3) Respingo come offensive le affermazioni contenute nella tua lettera dopo l'intervista rilasciata a Repubblica, lettera nella quale hai sollecitato all'azienda un provvedimento disciplinare nei miei confronti: mi hai accusato di `danneggiare il giornale per cui lavoro´, con le mie dichiarazioni sui dati d'ascolto. I dati resi pubblici hanno confermato quelle dichiarazioni. Trovo inoltre paradossale la tua considerazione seguente: 'il tg1 darà conto
delle posizioni delle minoranze ma non stravolgerà i fatti in ossequio a campagne ideologiche´. Posso dirti che l'unica campagna a cui mi dedico è quella dove trascorro i week end con la famiglia. Spero tu possa dire altrettanto.

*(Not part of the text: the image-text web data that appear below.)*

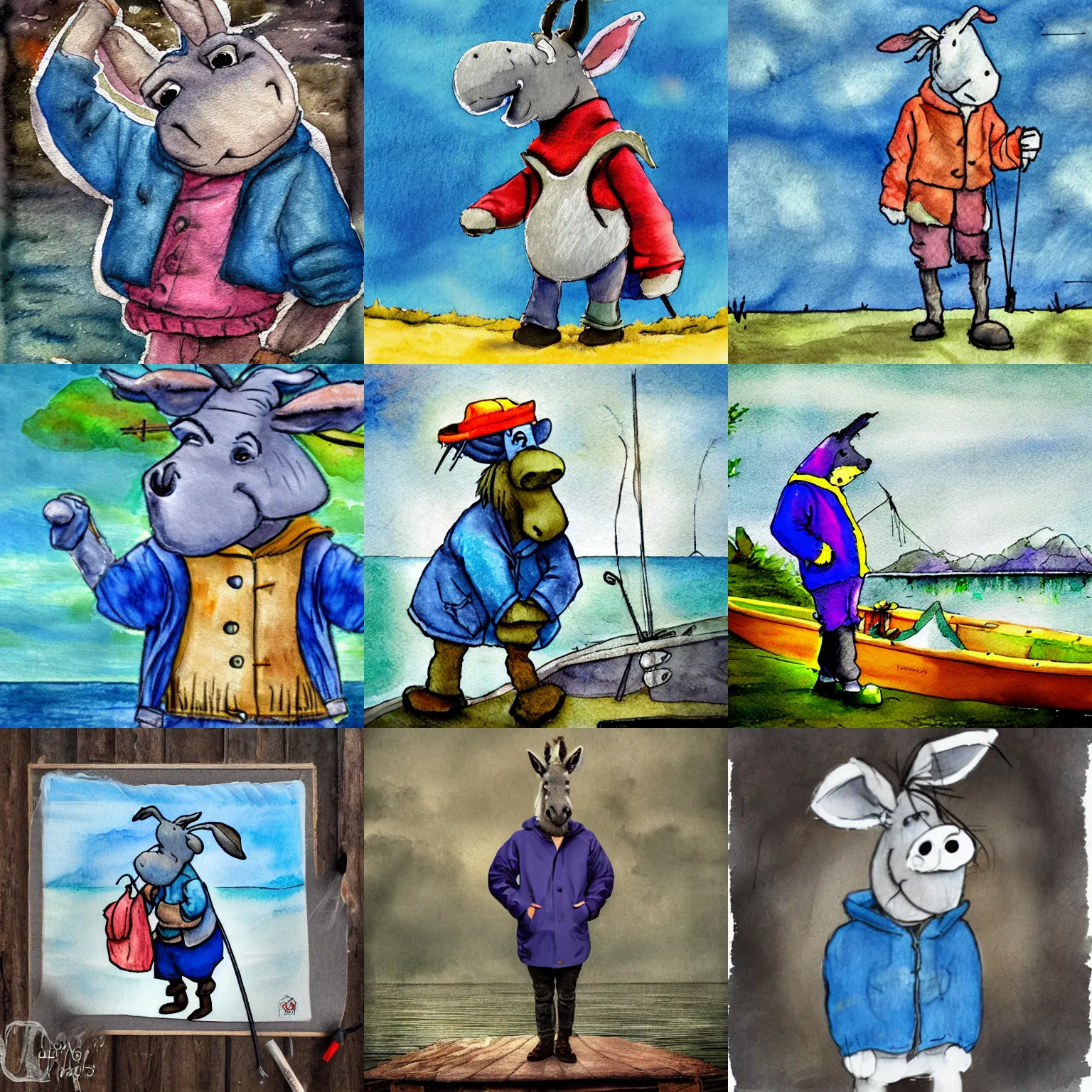 Prompt: donkey Eeyore looking as fisherman in old storm jacket, cartoon, watercolor, bokeh effect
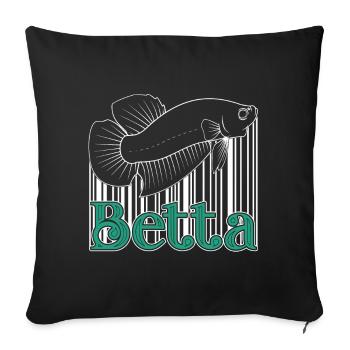 Betta Fish Betta Fish Vintage - Sofa pillowcase 17,3'' x 17,3'' (45 x 45 cm) - black - Front
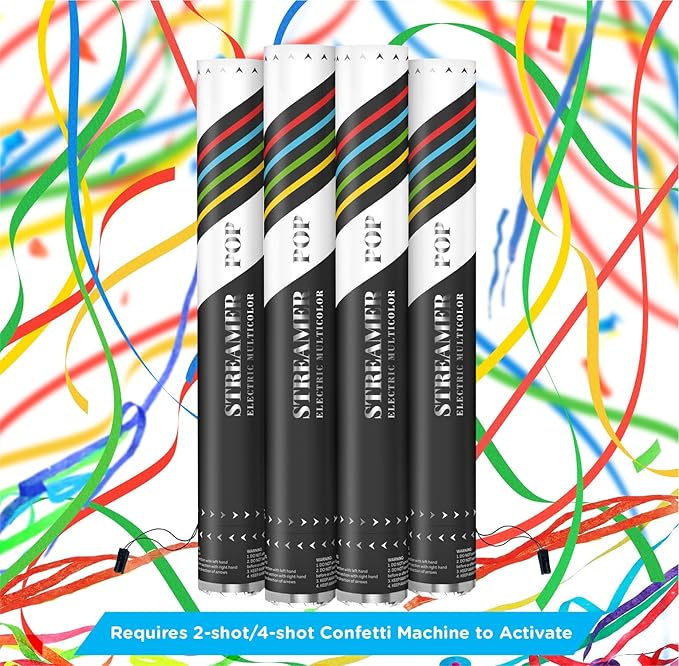 Electric Streamer Cannon Cartridges, 4 PIECES — 16" Multicolor Streamer Poppers for Weddings, Parties, Events | Requires 2-Shot/4-Shot Confetti Machine to Activate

Viceversa ho notato come non si sia levata una tua parola contro la violenta campagna diffamatoria che i quotidiani Il Giornale, Libero e il settimanale Panorama - anche utilizzando impropriamente corrispondenza aziendale a me diretta - hanno scatenato nei miei confronti in seguito alle mie critiche alla tua linea editoriale. Un attacco a orologeria: screditare subito chi dissente per indebolire la valenza delle sue affermazioni.
Sono stata definita 'tosa ciacolante - ragazza chiacchierona - cronista senza cronaca, editorialista senza editoriali' e via di questo passo.Non è ciò che mi disse il Presidente Ciampi consegnandomi il Premio Saint Vincent di giornalismo, al Quirinale. A queste vigliaccate risponderà il mio legale. Ma sappi che non è certo per questo che lascio la conduzione delle 20.
Thomas Bernhard in Antichi Maestri scrive decine di volte una parola che amo molto: rispetto. Non di ammirazione viviamo, dice, ma è di rispetto che abbiamo bisogno. Caro direttore, credo che occorra maggiore rispetto. Per le notizie, per il pubblico, per la verità. Quello che nutro per la storia del TG1, per la mia azienda, mi porta a questa decisione. Il rispetto per i telespettatori, nostri unici referenti. Dovremmo ricordarlo sempre. Anche tu ne avresti il dovere.